I still have her gift. The maroon cardboard box with the word AUTHORS is cracked
and broken, but there are 41 surviving cards and a fragile set of instructions.
Each card includes the oval portrait of an English or American author wrapped
in laurel leaves. The date on the cover says 1897, but my edition is maybe 20
years older because the dates of more recently dead authors have been filled in.
The cards were already old when I got them in 1959.
There may be no connection between the deck of cards and the fact that I majored
in English Literature in college and went on to become a writer. But then again,
there may be. I played with the cards a lot as a child, memorizing the works of
the authors and their dates like other kids learned the stats on baseball cards.
Shakespeare is here, Milton, Dryden, Shelly, Dickens, Poe, Pope. Some have faded
from memory, like Bayard Taylor and Helen Hunt Jackson and General Lew wallace.
When I rediscovered the deck again in a box of kid stuff recently, I fanned the
deck and thumbed the old familiar faces. I’ve typed a few million words of my
own since those early piano days, many of them about my adopted home in Seacoast,
New Hampshire. So I swooned a bit with surprise when I studied one long dead author
pulled randomly from the deck – pick a card sonny, any card.
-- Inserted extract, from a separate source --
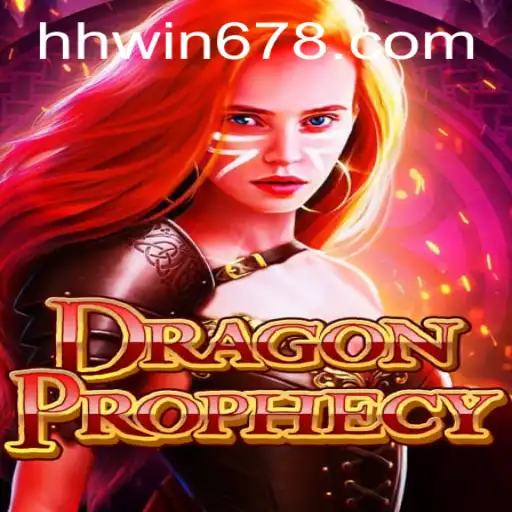 HHwin Eventos exclusivos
It was Celia Thaxter, the poet of the Isles of Shoals, an author almost unknown today beyond this
tiny coastline. I own the distinction of being the only person on the Internet,
so far, to dedicate a web site in her honor. IN a couple of weeks I’ll be staying,
once again, in the rustic island house where Celia summered as a child – reading
the ancient English writers that I too came to know. Hawthorne visited when Celia
was still a girl. But later, herself a popular writer, Celia walked and dined
with Dickens, Whittier, Emerson, Longfellow and Harriet Beecher Stowe. All are
in my deck of cards.
There is a card for Thomas Bailey Aldrich as well, Portsmouth’s "bad boy" author of one truly enduring children’s book
and the stuffy Victorian editor, for a decade of the Atlantic Monthly. And one
card for his colleague William Dean Howells, another man of letters and a summer
resident of Kittery, Maine.
So, almost magically, it appears, I had known these people as a child, sitting
on my bed with the whole encyclopedia of authors splayed out in front of me. Then
I lost them. But that is how it goes with great writers. They can go missing.
They can disappear for decades like an old deck of cards or a favorite book --
then reappear – fresh with insights unknown to youth.